## Data section
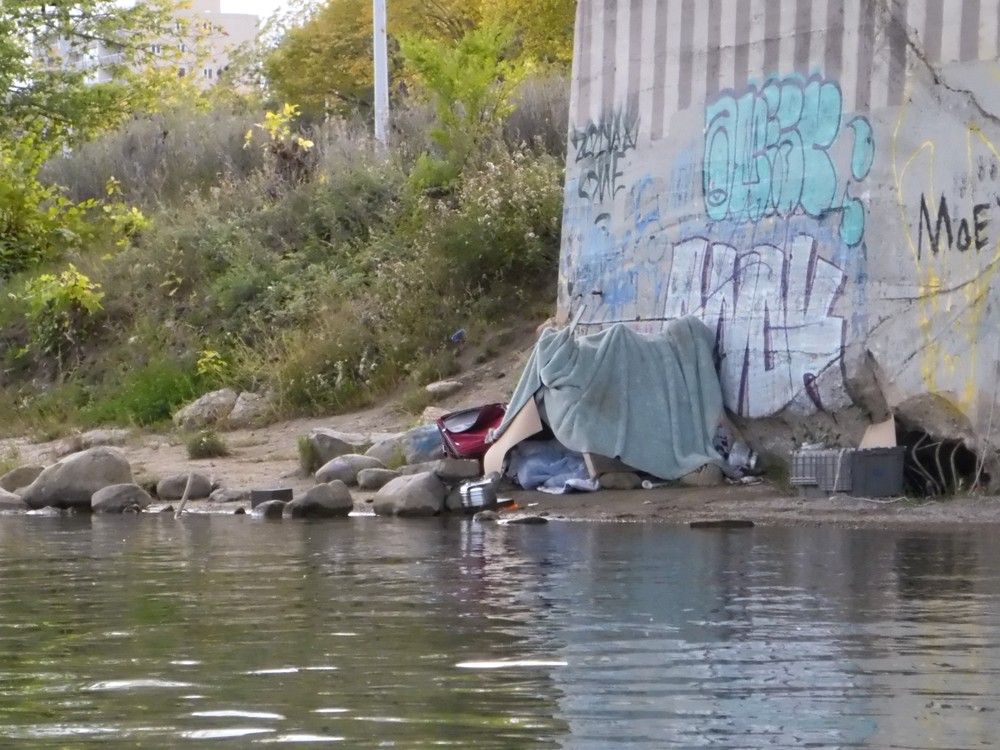 A makeshift tent is seen under the University Bridge at the edge of the South Saskatchewan River in Saskatoon, Sask., in this photo taken on Tuesday, Sept. 12, 2023. (Phil Tank/Saskatoon StarPhoenix)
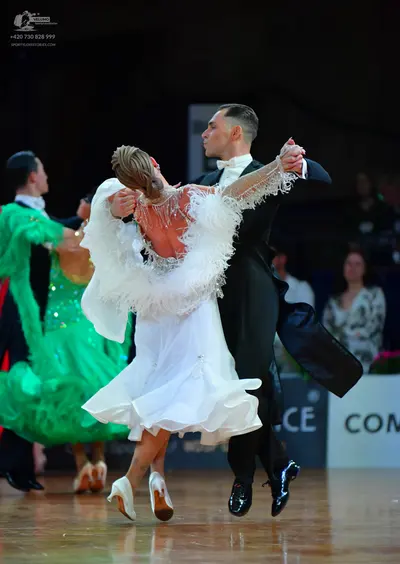 Dancesport competitor: Male dancer in foreground: black ballroom suit with a white shirt and white bow 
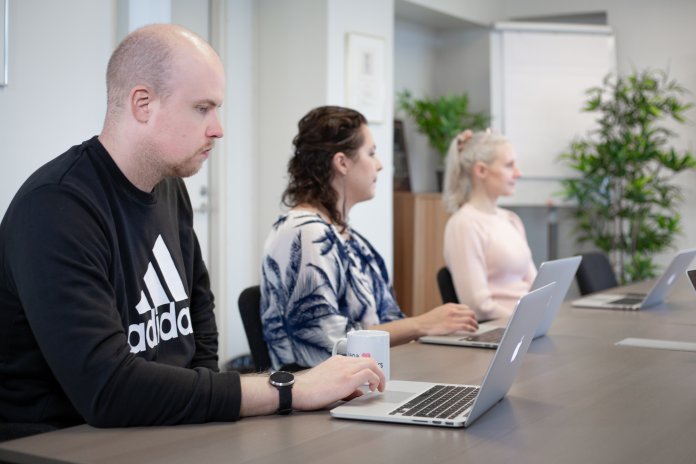 Liana employees at a meeting about B2B email marketing campaigns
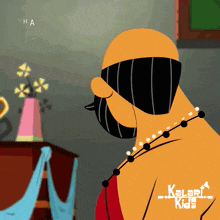 a kalari kids cartoon shows a man wearing a necklace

## Problem to work on
With the pictures set aside, return each line of the listing exactly as given.

## Solution below
 A makeshift tent is seen under the University Bridge at the edge of the South Saskatchewan River in Saskatoon, Sask., in this photo taken on Tuesday, Sept. 12, 2023. (Phil Tank/Saskatoon StarPhoenix)
 Dancesport competitor: Male dancer in foreground: black ballroom suit with a white shirt and white bow 
 Liana employees at a meeting about B2B email marketing campaigns
 a kalari kids cartoon shows a man wearing a necklace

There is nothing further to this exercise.